> PROBLEM STATEMENT: Keep the pictures out. Restate the entries below word for word.

··········

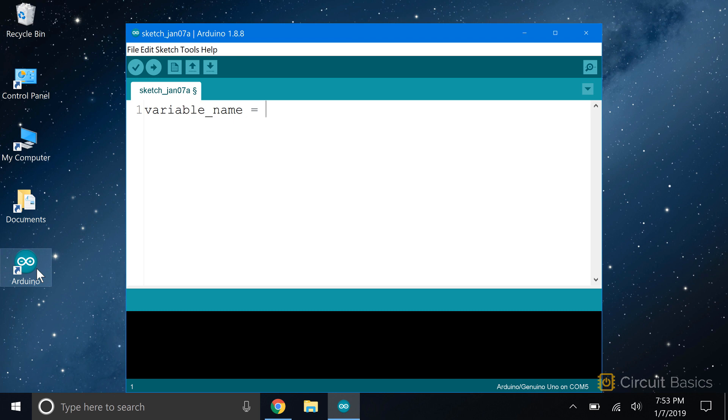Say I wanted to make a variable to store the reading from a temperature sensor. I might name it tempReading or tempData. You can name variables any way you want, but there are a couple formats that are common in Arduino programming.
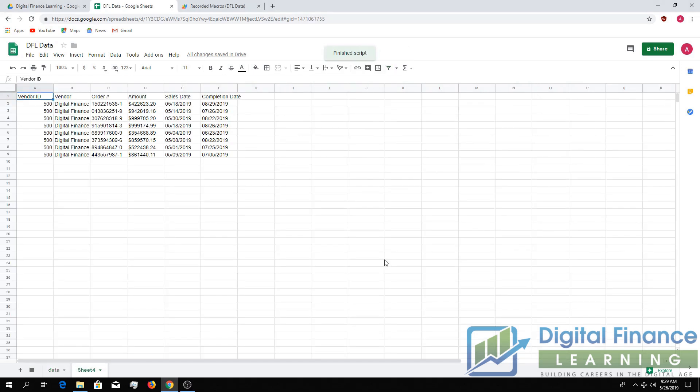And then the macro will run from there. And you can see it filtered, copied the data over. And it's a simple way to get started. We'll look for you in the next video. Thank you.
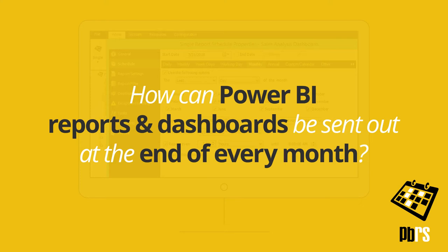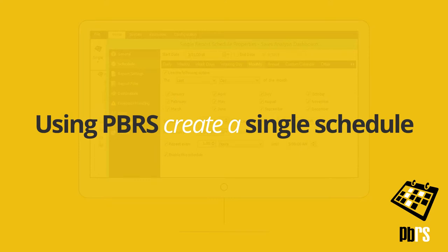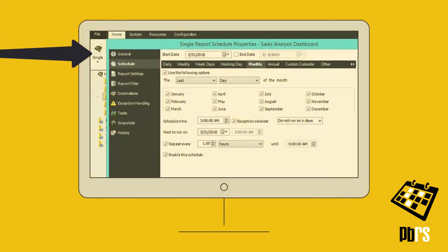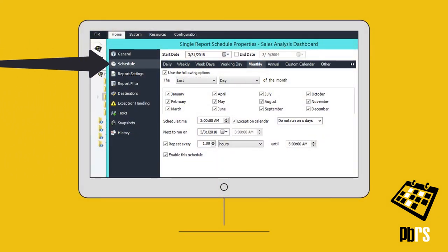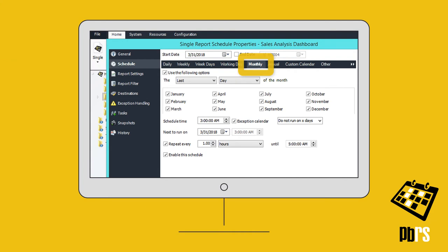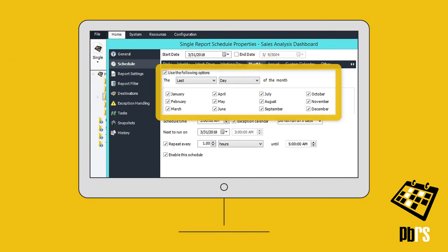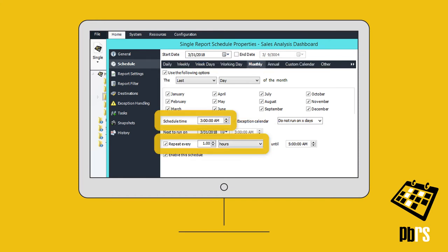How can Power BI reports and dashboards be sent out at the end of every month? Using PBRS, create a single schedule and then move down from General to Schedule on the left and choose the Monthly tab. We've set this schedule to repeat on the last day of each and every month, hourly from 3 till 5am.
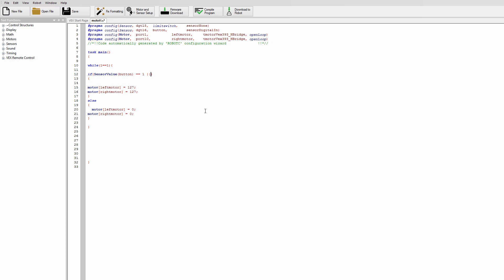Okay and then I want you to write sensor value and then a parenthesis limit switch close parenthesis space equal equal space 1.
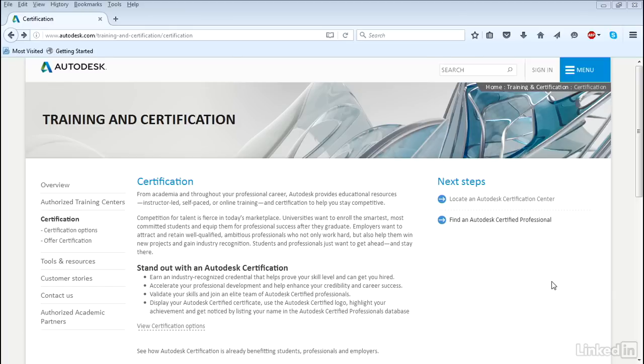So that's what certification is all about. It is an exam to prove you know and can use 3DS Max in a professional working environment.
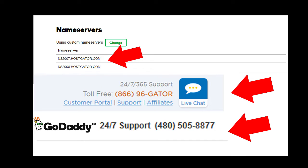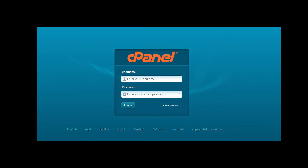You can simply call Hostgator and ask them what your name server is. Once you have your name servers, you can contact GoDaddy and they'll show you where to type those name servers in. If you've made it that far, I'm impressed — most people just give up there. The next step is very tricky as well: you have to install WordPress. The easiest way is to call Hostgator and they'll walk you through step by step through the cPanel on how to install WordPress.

··········

> YOUR SOLUTION:
Say I wanted to make a variable to store the reading from a temperature sensor. I might name it tempReading or tempData. You can name variables any way you want, but there are a couple formats that are common in Arduino programming.
And then the macro will run from there. And you can see it filtered, copied the data over. And it's a simple way to get started. We'll look for you in the next video. Thank you.
How can Power BI reports and dashboards be sent out at the end of every month? Using PBRS, create a single schedule and then move down from General to Schedule on the left and choose the Monthly tab. We've set this schedule to repeat on the last day of each and every month, hourly from 3 till 5am.
Okay and then I want you to write sensor value and then a parenthesis limit switch close parenthesis space equal equal space 1.
So that's what certification is all about. It is an exam to prove you know and can use 3DS Max in a professional working environment.
You can simply call Hostgator and ask them what your name server is. Once you have your name servers, you can contact GoDaddy and they'll show you where to type those name servers in. If you've made it that far, I'm impressed — most people just give up there. The next step is very tricky as well: you have to install WordPress. The easiest way is to call Hostgator and they'll walk you through step by step through the cPanel on how to install WordPress.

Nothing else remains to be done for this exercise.